Premier Peter Gutwein said many elderly people lived in these areas, and they needed to be protected, as the state’s confirmed cases rose to 82.
The Queen has urged Britons to believe that “better days will return” as the UK assumed the unwelcome mantle of deadliest coronavirus hotspot in Europe after a record 24-hour jump in deaths that surpassed even hard-hit Italy.
Meanwhile in the United States, people braced for what the country’s top doctor warned would be “the hardest and saddest week” of their lives.
“This is going to be our Pearl Harbour moment, our 9/11 moment,” US Surgeon General Jerome Adams said.
New York City, the US epicentre of the pandemic, suggested a glimmer of hope, with Governor Andrew Cuomo saying that daily deaths had dropped slightly, along with intensive care admissions and the number of patients who needed breathing tubes inserted.
Still, he warned that it was “too early to tell” the significance of those numbers.
Death toll falls
France’s daily death toll from the coronavirus has fallen in the past 24 hours and admissions into intensive care also slowed, the health ministry says, thanking citizens for largely respecting a lockdown to halt the spread of the virus.
The health ministry data on Sunday showed that 357 people died from COVID-19 in hospitals, compared with 441 in the previous 24 hours, taking the total toll in hospitals to 5889.
It said that 2189 people had died in nursing homes since March 1, taking France’s total death toll to 8078.

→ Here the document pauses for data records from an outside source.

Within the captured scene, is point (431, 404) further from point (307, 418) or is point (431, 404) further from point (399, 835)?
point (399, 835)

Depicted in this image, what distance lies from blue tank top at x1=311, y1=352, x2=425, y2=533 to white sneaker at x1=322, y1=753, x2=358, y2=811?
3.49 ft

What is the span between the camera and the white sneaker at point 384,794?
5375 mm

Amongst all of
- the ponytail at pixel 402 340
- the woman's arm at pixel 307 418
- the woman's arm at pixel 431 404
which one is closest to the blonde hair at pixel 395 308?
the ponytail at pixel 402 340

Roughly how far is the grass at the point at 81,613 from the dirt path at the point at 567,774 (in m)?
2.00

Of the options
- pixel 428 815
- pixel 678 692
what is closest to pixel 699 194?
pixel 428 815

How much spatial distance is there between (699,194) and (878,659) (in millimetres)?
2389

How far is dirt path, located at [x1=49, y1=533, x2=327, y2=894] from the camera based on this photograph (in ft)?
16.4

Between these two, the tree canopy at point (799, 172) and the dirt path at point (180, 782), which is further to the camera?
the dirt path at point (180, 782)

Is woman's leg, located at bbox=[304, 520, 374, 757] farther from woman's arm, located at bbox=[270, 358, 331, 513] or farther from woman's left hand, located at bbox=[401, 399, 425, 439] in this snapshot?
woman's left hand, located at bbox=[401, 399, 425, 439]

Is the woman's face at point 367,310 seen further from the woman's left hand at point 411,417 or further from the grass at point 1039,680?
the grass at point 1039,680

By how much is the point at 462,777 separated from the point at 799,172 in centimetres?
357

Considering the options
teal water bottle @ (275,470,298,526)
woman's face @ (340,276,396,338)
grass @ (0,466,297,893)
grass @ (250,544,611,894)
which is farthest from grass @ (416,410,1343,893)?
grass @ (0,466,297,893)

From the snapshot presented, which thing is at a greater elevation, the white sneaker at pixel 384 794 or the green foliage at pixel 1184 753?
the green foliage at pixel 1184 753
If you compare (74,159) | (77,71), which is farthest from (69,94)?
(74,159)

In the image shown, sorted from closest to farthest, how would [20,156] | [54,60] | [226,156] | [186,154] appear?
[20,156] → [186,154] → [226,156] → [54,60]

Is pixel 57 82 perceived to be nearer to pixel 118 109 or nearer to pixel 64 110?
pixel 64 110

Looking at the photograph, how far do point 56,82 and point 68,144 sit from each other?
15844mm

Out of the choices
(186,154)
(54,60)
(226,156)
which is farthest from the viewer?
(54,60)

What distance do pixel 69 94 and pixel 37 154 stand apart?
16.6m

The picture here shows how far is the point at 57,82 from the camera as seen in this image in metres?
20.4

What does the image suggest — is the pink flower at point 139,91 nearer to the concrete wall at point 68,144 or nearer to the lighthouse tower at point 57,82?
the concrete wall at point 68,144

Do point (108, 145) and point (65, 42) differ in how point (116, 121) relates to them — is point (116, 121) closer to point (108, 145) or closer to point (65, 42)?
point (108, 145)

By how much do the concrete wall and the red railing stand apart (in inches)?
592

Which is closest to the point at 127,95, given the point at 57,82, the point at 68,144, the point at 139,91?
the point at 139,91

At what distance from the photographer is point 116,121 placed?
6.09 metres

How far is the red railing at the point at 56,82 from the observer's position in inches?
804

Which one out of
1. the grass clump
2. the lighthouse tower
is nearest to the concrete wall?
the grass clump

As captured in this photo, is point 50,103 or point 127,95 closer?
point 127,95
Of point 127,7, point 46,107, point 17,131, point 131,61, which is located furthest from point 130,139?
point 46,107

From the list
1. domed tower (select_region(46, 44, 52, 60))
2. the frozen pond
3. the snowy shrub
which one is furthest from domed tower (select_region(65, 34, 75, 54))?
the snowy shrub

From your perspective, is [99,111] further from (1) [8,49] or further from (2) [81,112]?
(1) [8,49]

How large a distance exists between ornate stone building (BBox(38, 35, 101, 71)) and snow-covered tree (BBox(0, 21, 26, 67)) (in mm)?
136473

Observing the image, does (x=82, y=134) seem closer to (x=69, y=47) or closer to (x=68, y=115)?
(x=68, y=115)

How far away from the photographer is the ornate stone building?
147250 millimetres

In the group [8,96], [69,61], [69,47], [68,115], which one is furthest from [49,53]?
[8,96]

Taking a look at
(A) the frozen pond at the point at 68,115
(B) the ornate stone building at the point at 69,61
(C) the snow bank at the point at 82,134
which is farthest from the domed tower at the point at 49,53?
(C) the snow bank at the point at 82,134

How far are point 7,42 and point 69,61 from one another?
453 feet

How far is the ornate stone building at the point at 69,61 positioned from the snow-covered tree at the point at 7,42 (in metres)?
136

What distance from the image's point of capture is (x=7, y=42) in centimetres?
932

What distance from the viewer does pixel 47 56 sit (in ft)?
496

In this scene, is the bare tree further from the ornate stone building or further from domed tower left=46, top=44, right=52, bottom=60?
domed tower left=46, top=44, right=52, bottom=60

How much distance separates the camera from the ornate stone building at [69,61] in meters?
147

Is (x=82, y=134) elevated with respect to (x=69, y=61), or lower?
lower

“These data confirms that the epidemic is ongoing in the country, and continues to hit hard,” the ministry said.
Confirmed COVID-19 cases in France since the start of the epidemic rose by 2.7 per cent or 1873 to 70,478, the ministry said in daily update of the situation.
‘We will overcome it’
Queen Elizabeth has told the British people that they would overcome the coronavirus outbreak if they stayed resolute in the face of lockdown and self-isolation, invoking the spirit of World War II in an extremely rare TV address.

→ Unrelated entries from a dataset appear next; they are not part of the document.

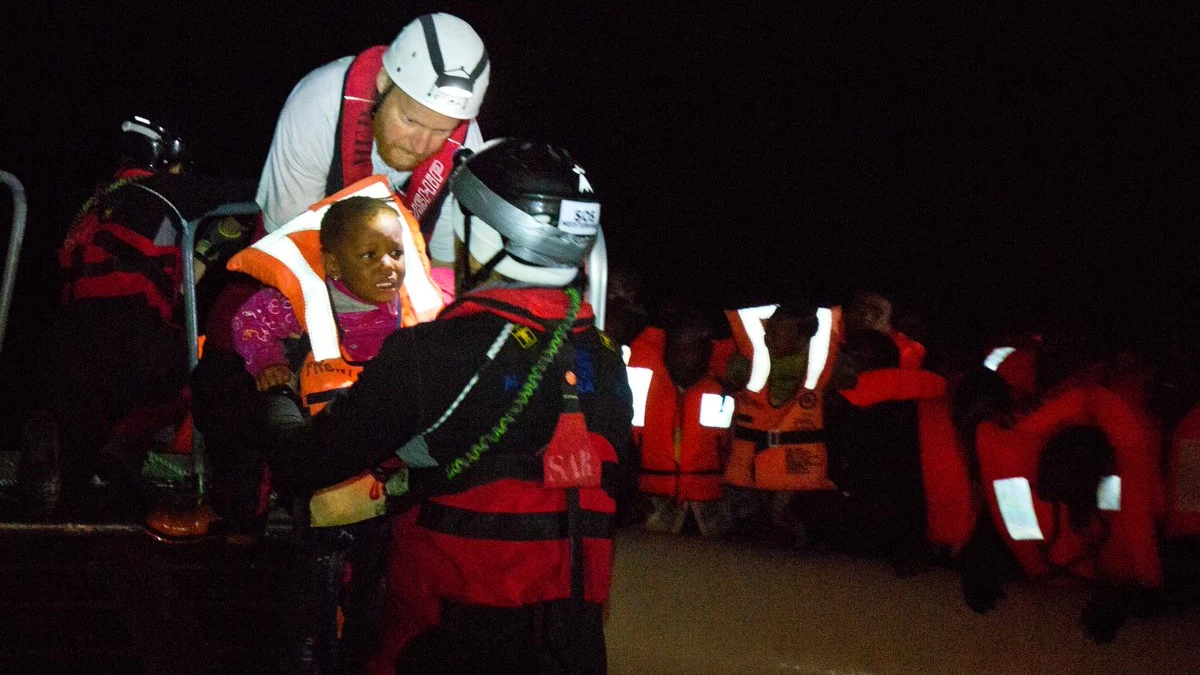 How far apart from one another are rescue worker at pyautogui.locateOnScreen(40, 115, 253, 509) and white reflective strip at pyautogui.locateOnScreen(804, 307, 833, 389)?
2.86 metres

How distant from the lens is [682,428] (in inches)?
235

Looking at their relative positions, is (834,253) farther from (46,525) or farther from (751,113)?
(46,525)

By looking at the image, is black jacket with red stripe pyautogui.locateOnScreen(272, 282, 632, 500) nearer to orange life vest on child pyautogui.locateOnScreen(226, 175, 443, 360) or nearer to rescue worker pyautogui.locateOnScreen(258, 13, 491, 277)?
orange life vest on child pyautogui.locateOnScreen(226, 175, 443, 360)

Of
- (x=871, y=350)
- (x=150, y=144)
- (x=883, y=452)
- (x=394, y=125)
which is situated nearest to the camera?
(x=394, y=125)

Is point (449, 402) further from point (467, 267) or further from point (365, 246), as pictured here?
point (365, 246)

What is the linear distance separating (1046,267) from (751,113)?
2.12 meters

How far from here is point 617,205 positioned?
7461 millimetres

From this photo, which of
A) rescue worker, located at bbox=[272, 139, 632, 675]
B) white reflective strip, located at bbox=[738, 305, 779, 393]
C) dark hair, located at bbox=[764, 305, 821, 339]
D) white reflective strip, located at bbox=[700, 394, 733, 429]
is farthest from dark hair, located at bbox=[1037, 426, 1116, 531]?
rescue worker, located at bbox=[272, 139, 632, 675]

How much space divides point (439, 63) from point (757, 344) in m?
3.05

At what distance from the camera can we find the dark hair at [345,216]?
2895mm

In what was only the fifth broadcast of her 68-year reign, Elizabeth called upon Britons to show the resolve of their forebears and demonstrate they were as strong as generations of the past.
“Together we are tackling this disease, and I want to reassure you that if we remain united and resolute, then we will overcome it,” the 93-year-old monarch said in the address from her Windsor Castle home where she is staying with her husband Prince Philip, 98.

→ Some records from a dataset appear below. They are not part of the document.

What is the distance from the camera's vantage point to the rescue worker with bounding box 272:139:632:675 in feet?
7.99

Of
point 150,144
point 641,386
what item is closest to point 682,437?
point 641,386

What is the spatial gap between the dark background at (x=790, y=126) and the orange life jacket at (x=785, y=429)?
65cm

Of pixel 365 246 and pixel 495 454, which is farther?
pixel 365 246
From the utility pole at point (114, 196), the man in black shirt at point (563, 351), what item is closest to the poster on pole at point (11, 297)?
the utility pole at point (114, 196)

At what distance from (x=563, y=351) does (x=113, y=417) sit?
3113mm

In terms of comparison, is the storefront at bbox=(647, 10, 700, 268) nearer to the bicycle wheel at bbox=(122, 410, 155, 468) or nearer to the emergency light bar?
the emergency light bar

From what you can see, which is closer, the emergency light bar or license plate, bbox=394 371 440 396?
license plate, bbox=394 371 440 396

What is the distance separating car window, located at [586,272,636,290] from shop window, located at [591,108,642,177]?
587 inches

“While we have faced challenges before, this one is different. This time we join with all nations across the globe in a common endeavour, using the great advances of science and our instinctive compassion to heal. We will succeed – and that success will belong to every one of us.”
People across India have turned off the lights of their homes and lit candles and lamps in response to Prime Minister Narendra Modi’s call to “challenge the darkness spread by the coronavirus crisis”.
In cities, towns and villages, families confined to their homes by a country-wide lockdown gathered at their doors, balconies and windows at 9pm on Sunday in a show of solidarity in the fight against the infectious virus.
Many lit candles and lamps and waved torches while others cheered to show their support in a gesture that lasted nine minutes.
Children and elders chanted “go, corona, go,” as well as other spiritual and patriotic slogans.
“This brings us closer. It is also for peace and healing of the world afflicted by the deadly virus,” a slum-dweller in Delhi told TV channels.
More restrictions likely
Britain will be forced to impose more restrictions on outdoor exercise if people flout lockdown rules designed to curb the spread of the coronavirus, the health minister says.
Daily exercise, such as walking, running or cycling, is allowed as long as people maintain social distancing.
But any other activity such as sunbathing could put others at risk and prolong the lockdown, Health Secretary Matt Hancock said on Sunday.
Most people were complying, he said, but if a minority continued to break the rules “we then might have to take further action”.
“What we are doing is being absolutely clear that the current rules must be followed,” he told a daily media briefing.
There were fears that warm spring weather on Sunday could encourage Britons to head to parks.